# What the exercise asks:
Without the pictures, print the lines from the one holding "Nithyanandam Kids Program Darshan" through the last line below, both included, exactly as they stand.

Short web captions
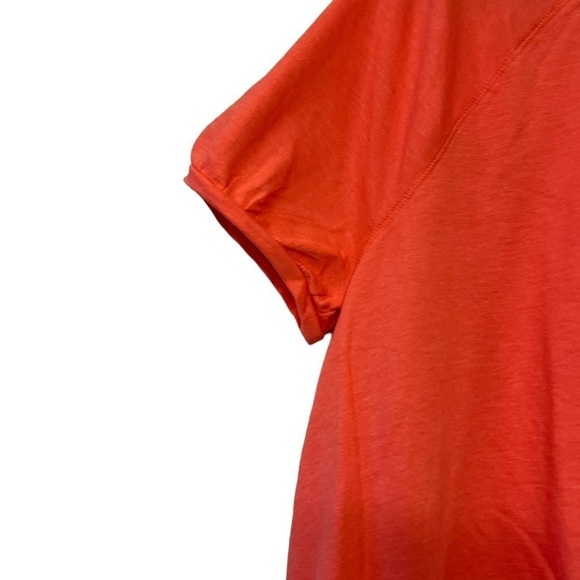 Livi Active French Terry Short Sleeved Tee - Picture 3 of 5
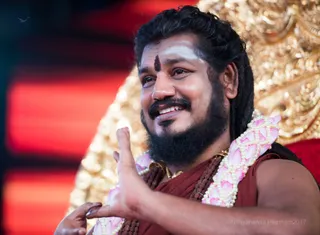 Nithyanandam Kids Program Darshan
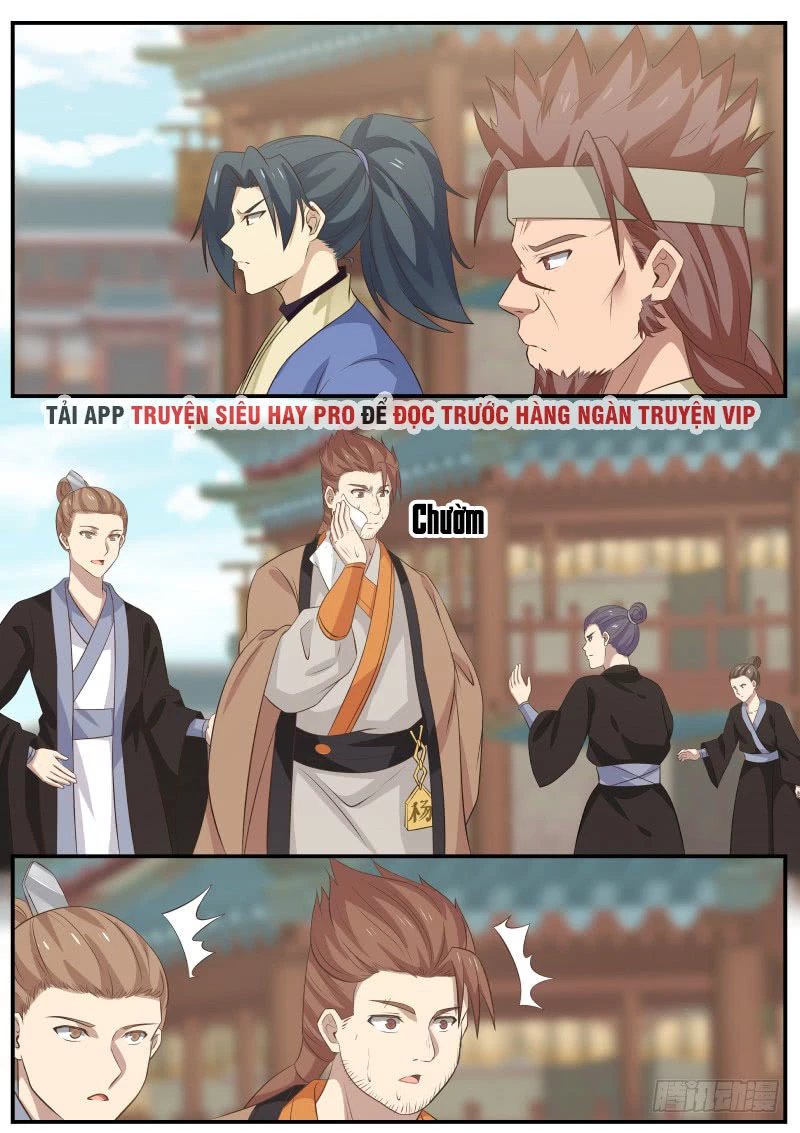 Võ Luyện Đỉnh Phong Chapter 330 - Trang 4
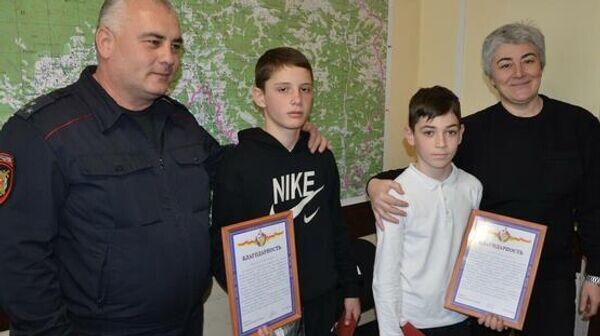    © Photo : Пресс-служба МВД РЮО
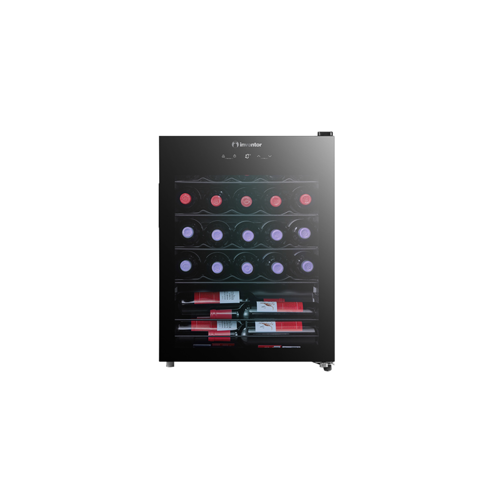 Hladnjak za vino INVENTOR WC2401BT 66L-1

# Problem solution:
 Nithyanandam Kids Program Darshan
 Võ Luyện Đỉnh Phong Chapter 330 - Trang 4
    © Photo : Пресс-служба МВД РЮО
 Hladnjak za vino INVENTOR WC2401BT 66L-1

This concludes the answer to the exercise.